Alagamento em Pelotas por Jonathas Rivero/Diário Popular
Alagamento em Gramado por Sandro Seewald/Jornal de Gramado
O que causou os aguaceiros ? A atmosfera estava quente e muito úmida, logo bastante instável, sobre o Rio Grande do Sul há vários dias, como destacado ontem pela MetSul Meteorologia. O ingresso de uma área de baixa pressão no Estado tornou a atmosfera ainda mais instável ontem, atuando como se fosse um “gatilho” para os aguaceiros localizados. Era uma situação prevista e que foi alertada reiteradamente pela MetSul desde o começo da semana. Ainda na manhã do domingo a MetSul Meteorologia publicou advertência sobre volumes de 100 mm a 200 mm nesta semana em pontos do Rio Grande do Sul e que na quarta a cidade de Porto Alegre poderia ter chuva em alto volume em curto período com risco de alagamentos.
Imagem de satélite que estima velocidade do vento (esquerda) e de satélite das 8h de hoje mostrando a baixa pressão desta quinta-feira (direita)

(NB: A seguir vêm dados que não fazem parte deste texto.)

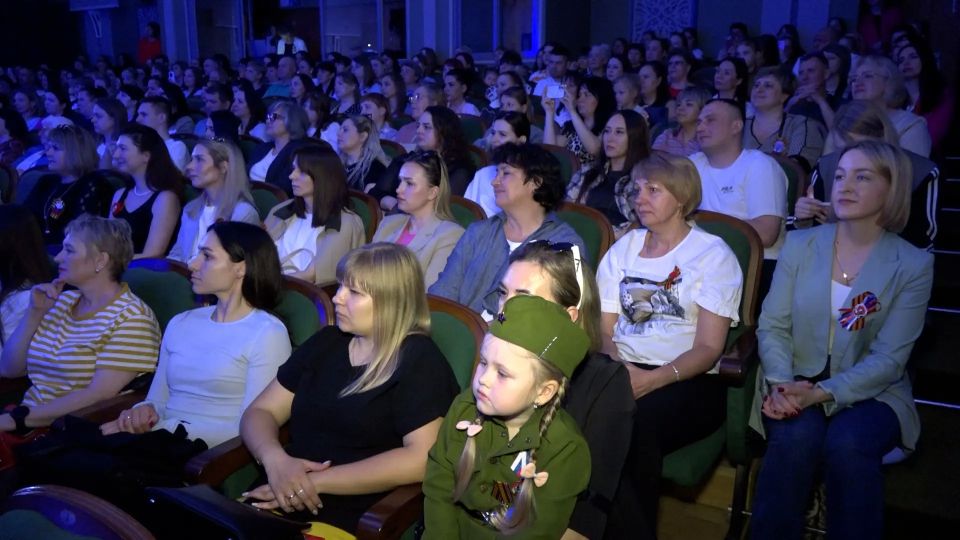 В Тамбовском молодёжном театре состоялся концерт, подготовленный воспитанниками и педагогами детских садов города В Тамбовском молодёжном театре состоялся концерт, подготовленный воспитанниками и педагогами детских садов города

Neste momento o centro de baixa pressão está bem configurado entre os litorais do Uruguai e Sul do Rio Grande do Sul. Venta forte desde o começo do dia no Chuí com rajadas acima de 90 km/h em alguns momentos. O centro de baixa impulsiona ar mais seco e frio para o território gaúcho. Ao encontrar o ar quente ainda presente sobre o Estado, podem se formar nuvens carregadas com chuva forte a intensa localizada hoje no Estado, sobretudo nas Metades Norte e Leste, mas não se antecipa eventos tão extremos quanto de ontem. O Litoral Sul é uma das áreas de maior risco. O vento sopra forte com rajadas no Sul do Estado e em pontos do Leste ao longo do dia. À medida que o ar seco toma conta do Norte da Argentina, o tempo começa a firmar pelo Oeste. Durante esta quinta, haverá nebulosidade variável com períodos de abertura e outros de instabilidade na maioria das regiões, como em dias de circulação ciclônica. Não é possível se descartar totalmente formações de nuvens funis na Metade Sul e trombas d’água na costa Sul do Estado e áreas das lagoas. O tempo melhora em quase todo o Rio Grande do Sul amanhã e o sol brilha no fim de semana com o retorno do calor, mais forte no domingo. Na segunda-feira o Estado pode voltar a ter chuva forte e temporais.